I have been calling myself a writer since I was 5 years old. I’ve had a fun and memorable career as an ad copywriter in agencies in Vancouver, as an editor, as a features writer for various magazines. I’ve written my one-woman show and am currently working on the sequel. I wrote my own comedy material in the days I did standup. But for me, the dream is to one day get that screenplay written – that’s the dream. I’ll be honest, though, for some reason, it’s scary to me. It’s a new format, and a new thing, and despite the fact that I’ve read countless books on screenwriting, and have taken half a dozen screenwriting courses, I continue to fall into the category – in this one area of my life – where I talk the talk, but I don’t yet walk the walk. That is my thing – my block. What’s yours? What’s that one thing you want to rock on, but instead you continue to stand in your own way? Because that’s what it is – it’s just ourselves -- getting in the way.
Terri Tatchell, of course is the Oscar-nominated writer of the 2009 blockbuster film District 9, which was directed by Neil Blomkamp, who also happens to be her main dude in life – her husband, in fact. So this is a woman knows a thing or two about filmmaking. I re-watched District 9 to prepare for our chat, and if you haven’t watched it lately – do so. I’m not sure how it’s possible, but its themes are somehow more relevant today. I actually felt sick to my stomach watching – themes of oppression, poverty, segregation. It’s all just a little too close to travel bans and walls and terror.
However, this isn’t just a talk about writing, and it’s not just a talk about filmmaking, it’s a talk about reinventing -- because she wasn’t always a screenwriter. She wasn’t one of those 18 year olds, fresh out of high school who makes a bee-line to LA. She was on another track altogether. She was a corporate gal, when she made what was arguably a 180, even going to so far as to both metaphorically and literally purge her closet of 33 of her office suits… knowing that in her new life as a writer, she would no longer be needing them. She made a fresh start. She hit the reset button, which is actually something we can all do. It just takes guts. And commitment. It takes what she calls: Hand-cuffing herself to the process.

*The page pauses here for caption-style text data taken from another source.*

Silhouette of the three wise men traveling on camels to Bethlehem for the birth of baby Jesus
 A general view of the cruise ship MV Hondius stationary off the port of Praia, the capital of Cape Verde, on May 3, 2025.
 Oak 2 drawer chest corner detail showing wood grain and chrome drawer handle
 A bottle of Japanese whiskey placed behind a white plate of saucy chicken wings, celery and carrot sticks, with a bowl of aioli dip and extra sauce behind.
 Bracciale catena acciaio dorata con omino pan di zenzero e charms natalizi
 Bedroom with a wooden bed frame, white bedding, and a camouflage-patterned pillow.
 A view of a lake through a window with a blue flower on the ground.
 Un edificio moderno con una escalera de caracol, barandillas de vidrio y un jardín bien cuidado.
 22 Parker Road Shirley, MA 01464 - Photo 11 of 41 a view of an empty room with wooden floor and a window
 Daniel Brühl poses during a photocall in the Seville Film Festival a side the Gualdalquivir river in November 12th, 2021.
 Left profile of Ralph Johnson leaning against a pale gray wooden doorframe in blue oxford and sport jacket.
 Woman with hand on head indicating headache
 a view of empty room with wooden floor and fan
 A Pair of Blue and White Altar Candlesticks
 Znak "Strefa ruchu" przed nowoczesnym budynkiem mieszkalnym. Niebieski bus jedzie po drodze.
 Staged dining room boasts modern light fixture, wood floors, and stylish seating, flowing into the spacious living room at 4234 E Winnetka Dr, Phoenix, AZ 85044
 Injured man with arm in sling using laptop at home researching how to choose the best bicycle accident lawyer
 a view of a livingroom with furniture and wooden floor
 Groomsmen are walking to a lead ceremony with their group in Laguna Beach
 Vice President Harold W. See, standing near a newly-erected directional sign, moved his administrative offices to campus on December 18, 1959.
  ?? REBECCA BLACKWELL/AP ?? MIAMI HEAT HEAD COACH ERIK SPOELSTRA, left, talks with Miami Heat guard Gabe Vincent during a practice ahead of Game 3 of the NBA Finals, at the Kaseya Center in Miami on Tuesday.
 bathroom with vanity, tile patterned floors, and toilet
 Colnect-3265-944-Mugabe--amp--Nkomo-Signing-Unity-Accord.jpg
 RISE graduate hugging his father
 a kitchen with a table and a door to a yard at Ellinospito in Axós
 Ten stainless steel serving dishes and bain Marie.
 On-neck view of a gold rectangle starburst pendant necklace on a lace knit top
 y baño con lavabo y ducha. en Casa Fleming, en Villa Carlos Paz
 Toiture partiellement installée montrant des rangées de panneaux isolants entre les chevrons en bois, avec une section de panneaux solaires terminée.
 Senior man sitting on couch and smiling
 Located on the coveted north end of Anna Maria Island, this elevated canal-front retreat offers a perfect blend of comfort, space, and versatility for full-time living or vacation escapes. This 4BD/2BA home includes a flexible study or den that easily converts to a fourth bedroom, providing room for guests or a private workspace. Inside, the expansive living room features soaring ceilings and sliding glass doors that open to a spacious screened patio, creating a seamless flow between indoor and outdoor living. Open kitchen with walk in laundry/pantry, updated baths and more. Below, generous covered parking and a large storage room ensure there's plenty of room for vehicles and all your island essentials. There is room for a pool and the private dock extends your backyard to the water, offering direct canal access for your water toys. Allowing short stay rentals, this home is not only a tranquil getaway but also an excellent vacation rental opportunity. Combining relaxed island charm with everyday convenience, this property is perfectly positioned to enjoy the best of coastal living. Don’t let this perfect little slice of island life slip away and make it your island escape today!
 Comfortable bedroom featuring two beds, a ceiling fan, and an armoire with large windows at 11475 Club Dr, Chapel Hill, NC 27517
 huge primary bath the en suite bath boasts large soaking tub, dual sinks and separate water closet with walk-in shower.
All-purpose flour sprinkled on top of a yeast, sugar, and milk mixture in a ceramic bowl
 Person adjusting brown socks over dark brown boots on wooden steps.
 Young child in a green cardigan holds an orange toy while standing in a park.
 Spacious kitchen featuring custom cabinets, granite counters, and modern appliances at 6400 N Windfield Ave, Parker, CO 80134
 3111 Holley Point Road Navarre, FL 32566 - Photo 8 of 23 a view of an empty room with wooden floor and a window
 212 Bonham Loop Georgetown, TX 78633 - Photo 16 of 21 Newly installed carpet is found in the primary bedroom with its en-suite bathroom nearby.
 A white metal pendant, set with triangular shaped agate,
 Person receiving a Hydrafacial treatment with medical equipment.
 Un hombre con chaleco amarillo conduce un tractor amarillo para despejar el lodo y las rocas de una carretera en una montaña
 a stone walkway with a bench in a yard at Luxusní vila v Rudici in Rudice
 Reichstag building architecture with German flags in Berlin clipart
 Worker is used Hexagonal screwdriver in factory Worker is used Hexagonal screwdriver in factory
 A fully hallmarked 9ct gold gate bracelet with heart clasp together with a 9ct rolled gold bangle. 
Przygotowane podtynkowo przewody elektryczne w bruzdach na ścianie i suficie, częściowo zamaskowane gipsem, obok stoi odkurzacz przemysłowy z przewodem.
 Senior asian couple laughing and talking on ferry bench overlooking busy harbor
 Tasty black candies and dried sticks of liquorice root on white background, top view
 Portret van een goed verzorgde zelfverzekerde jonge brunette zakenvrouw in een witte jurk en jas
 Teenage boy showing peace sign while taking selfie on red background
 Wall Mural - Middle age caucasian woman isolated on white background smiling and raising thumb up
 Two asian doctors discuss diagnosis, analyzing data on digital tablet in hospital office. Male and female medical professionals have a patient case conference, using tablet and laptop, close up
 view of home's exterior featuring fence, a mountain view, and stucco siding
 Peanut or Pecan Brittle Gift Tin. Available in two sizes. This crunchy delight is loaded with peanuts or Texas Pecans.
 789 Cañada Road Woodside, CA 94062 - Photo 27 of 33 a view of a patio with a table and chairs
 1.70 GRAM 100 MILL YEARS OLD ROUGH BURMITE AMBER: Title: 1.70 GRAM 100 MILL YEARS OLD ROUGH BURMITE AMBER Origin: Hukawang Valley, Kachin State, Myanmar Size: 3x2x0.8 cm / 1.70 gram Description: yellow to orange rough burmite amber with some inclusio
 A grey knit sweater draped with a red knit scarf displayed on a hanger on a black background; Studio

The reason I started this series, is so that my two daughters, Majella and Burgess will have an inventory of inspiring conversations with paradigm-busters to draw upon for those times in their lives when they feel stuck. Each conversations give me the gift of at least one perspective shift – a new way of looking at the situation. And I want to thank Terri for reminding me that committing to a do-ever, throwing our proverbial hats in a whole new ring, is entirely our own choice. That we can get rid of our own version of our 33 suits – when we take the steps to make the decision to get to the heart of the answer to the question: “What do you want to be when you grow up?”